この箱の本は、1971年にメンヒェングラートバッハ市立美術館で開催されたジャスパー・ジョーンズ展「Das graphische werk 1960-1970」のために制作されたカタログ兼マルチプル作品です。本であるかどうかもあいまいな代物ですが、本未満で本以上の本を紹介しているフラジャイルブックスにとっては、歴史にのこる逸材です。
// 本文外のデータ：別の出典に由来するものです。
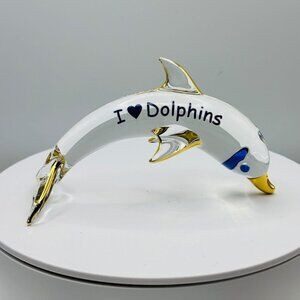 Glass Dolphin Figurine I Love Dolphins Ocean Decor
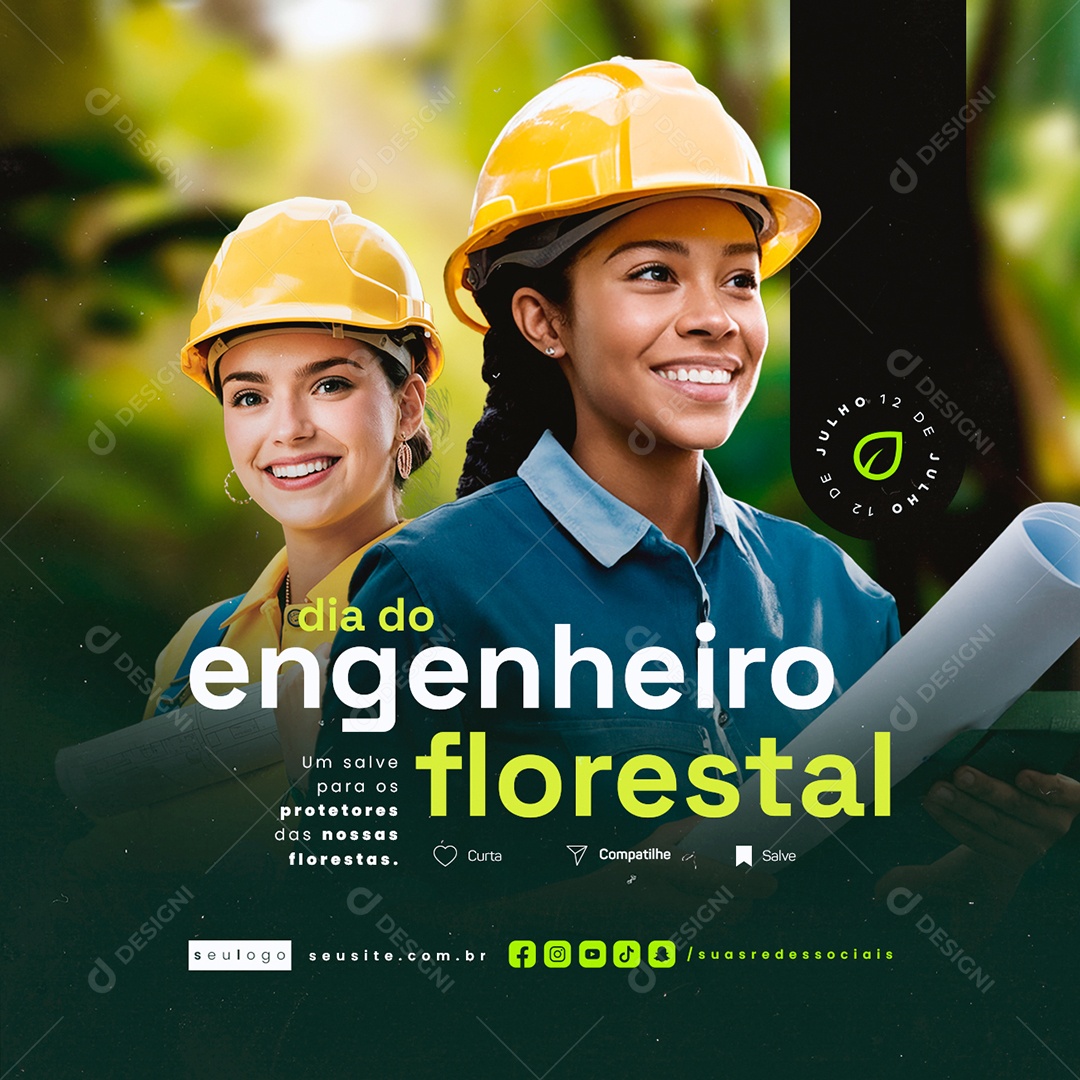 Dia do Engenheiro Florestal 12 de Julho Protetores Florestais Social Media PSD Editável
内容は、蝋引きされたプラスチックの薔薇と3つの巻物が入っています。巻物の1枚目は同展をキュレーションしたヨハネス・クラダースによる序文(ドイツ語)とガートルード・スタインの詩(バラはバラでありバラでありバラである)に関する短いエッセイ、2枚目は131点に及ぶ展示リスト、そして3枚目はジャスパー・ジョーンズの「電球」作品のバナー広告。書名の «A Rose is a Rose is a Rose is a Rose» は、ガートルード・スタイン(Gertrude Stein)の『聖なるエミリー(Sacred Emily)』(1913年)からの引用で、日本語に訳すと「バラはバラでありバラでありバラである」という詩文になります



ジャスパー・ジョーンズの展覧会タイトルは「Das graphische werk 1960-1970(グラフィック作品 1960-1970)」というもので、その展覧会のカタログ兼マルチプルとして発行された本書は「バラはバラでありバラでありバラである」なのです。通常、メインである展覧会の補足として存在することが多い「展覧会カタログ」あるいは「図録」の位置づけからはかなり逸脱しているように見える本書。こんなに独立した存在であっていいものなのか。展示内容と関係ないじゃん。と、そんなまっとうな批判には一切お構いなしの図抜けた企画力。

現地では「ボックス・カタログ(通称:Kassetten)」と呼ばれているこの箱の本は、ジャスパー・ジョーンズの本書を含めて、11年間のあいだに35冊がメンヒェングラートバッハ市立美術館から発行されました。キーマンは、発行人でありプロデューサーのヨハネス・クラダースという館長さんです。

クラダースは、あたらしい美術館のスタイルを模索した先駆的なキュレーターでした。1968年には「anti-musuem(反美術館)」というエッセイで「物理的な壁を取り払い、精神的な家を構築すること」こそが来たるべき理想の美術館である、と早々宣言しています。つまり、権威的な建築物の中に置かれるから「アート」なのではなくて、人とのコミュニケーションのなかにこそ、アートの真価を見出したかった。そのために、美術館はむしろ邪魔をしているのではないか、とさえ考えた。その後、長い時間をかけてクラダースは「anti-musuem(反美術館)」を実践します。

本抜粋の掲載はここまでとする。